The answer is to be the data that follows, transcribed exactly, minus its pictures.
*** DATA PROVIDED
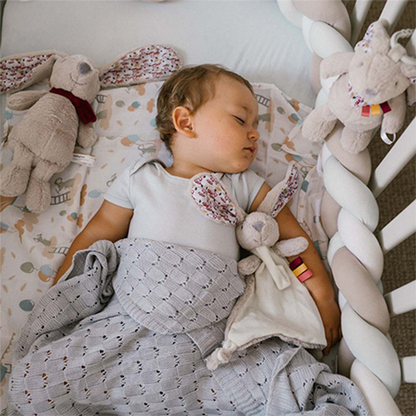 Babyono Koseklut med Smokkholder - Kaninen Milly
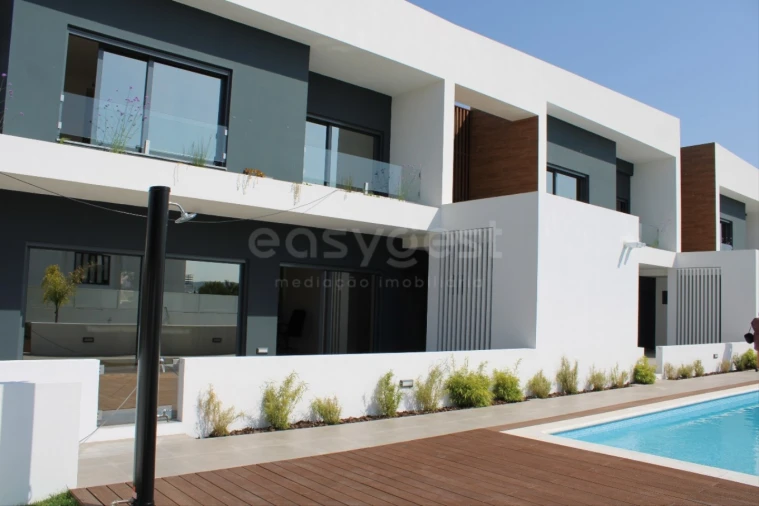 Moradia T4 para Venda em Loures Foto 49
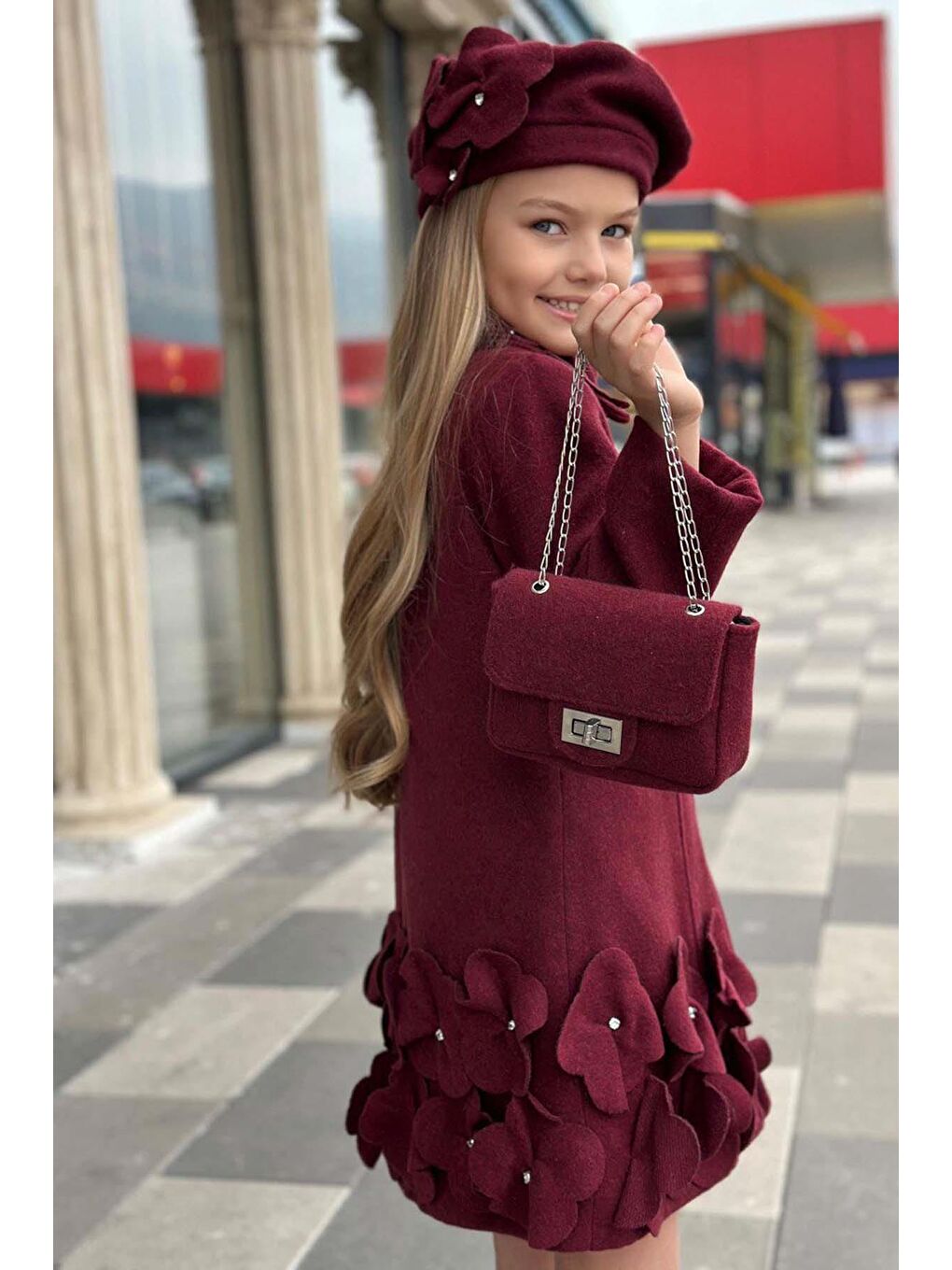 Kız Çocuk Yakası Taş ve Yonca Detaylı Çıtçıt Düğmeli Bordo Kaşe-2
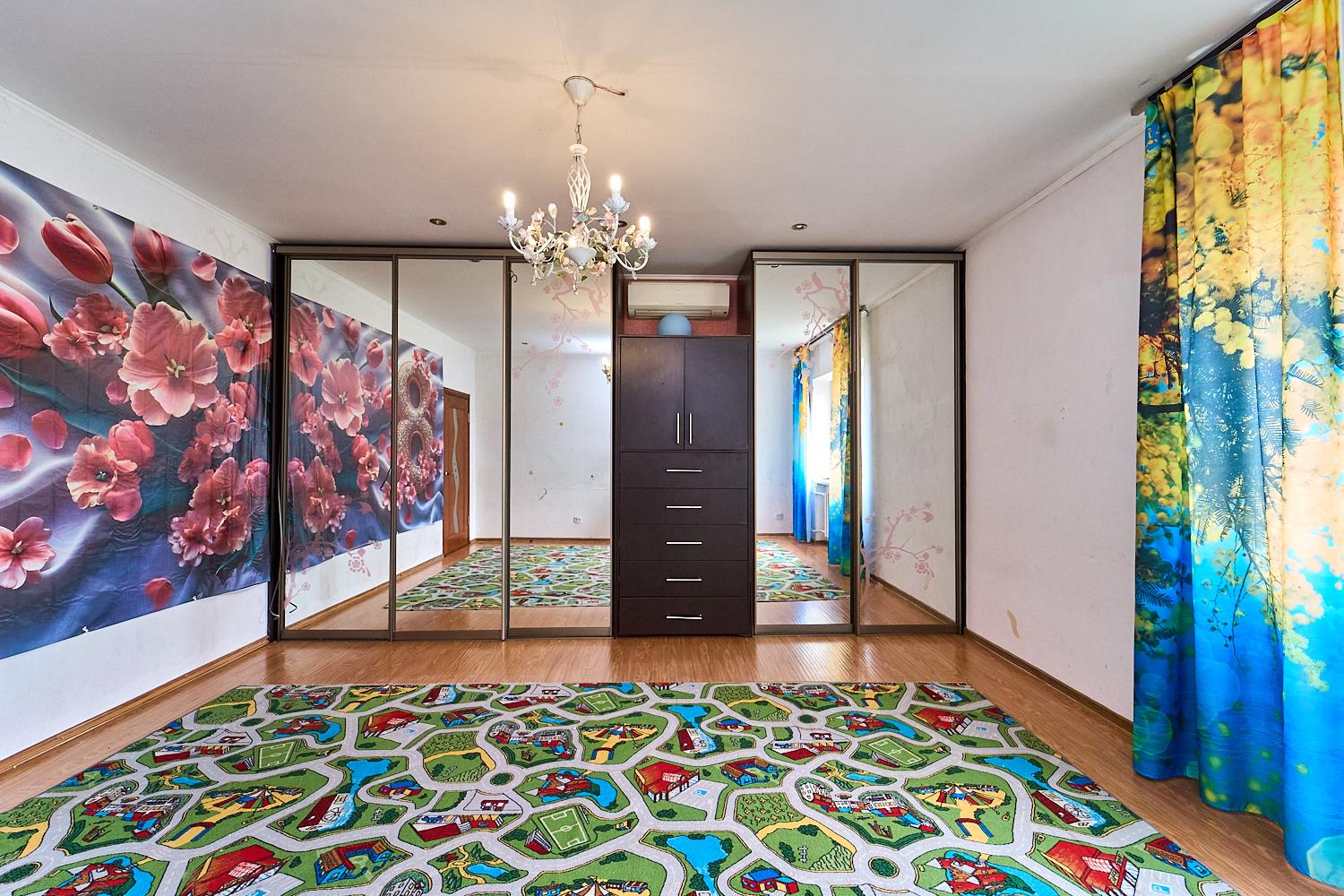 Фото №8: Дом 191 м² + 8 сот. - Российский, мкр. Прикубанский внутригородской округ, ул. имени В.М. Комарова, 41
******
RESULT BELOW ::
 Babyono Koseklut med Smokkholder - Kaninen Milly
 Moradia T4 para Venda em Loures Foto 49
 Kız Çocuk Yakası Taş ve Yonca Detaylı Çıtçıt Düğmeli Bordo Kaşe-2
 Фото №8: Дом 191 м² + 8 сот. - Российский, мкр. Прикубанский внутригородской округ, ул. имени В.М. Комарова, 41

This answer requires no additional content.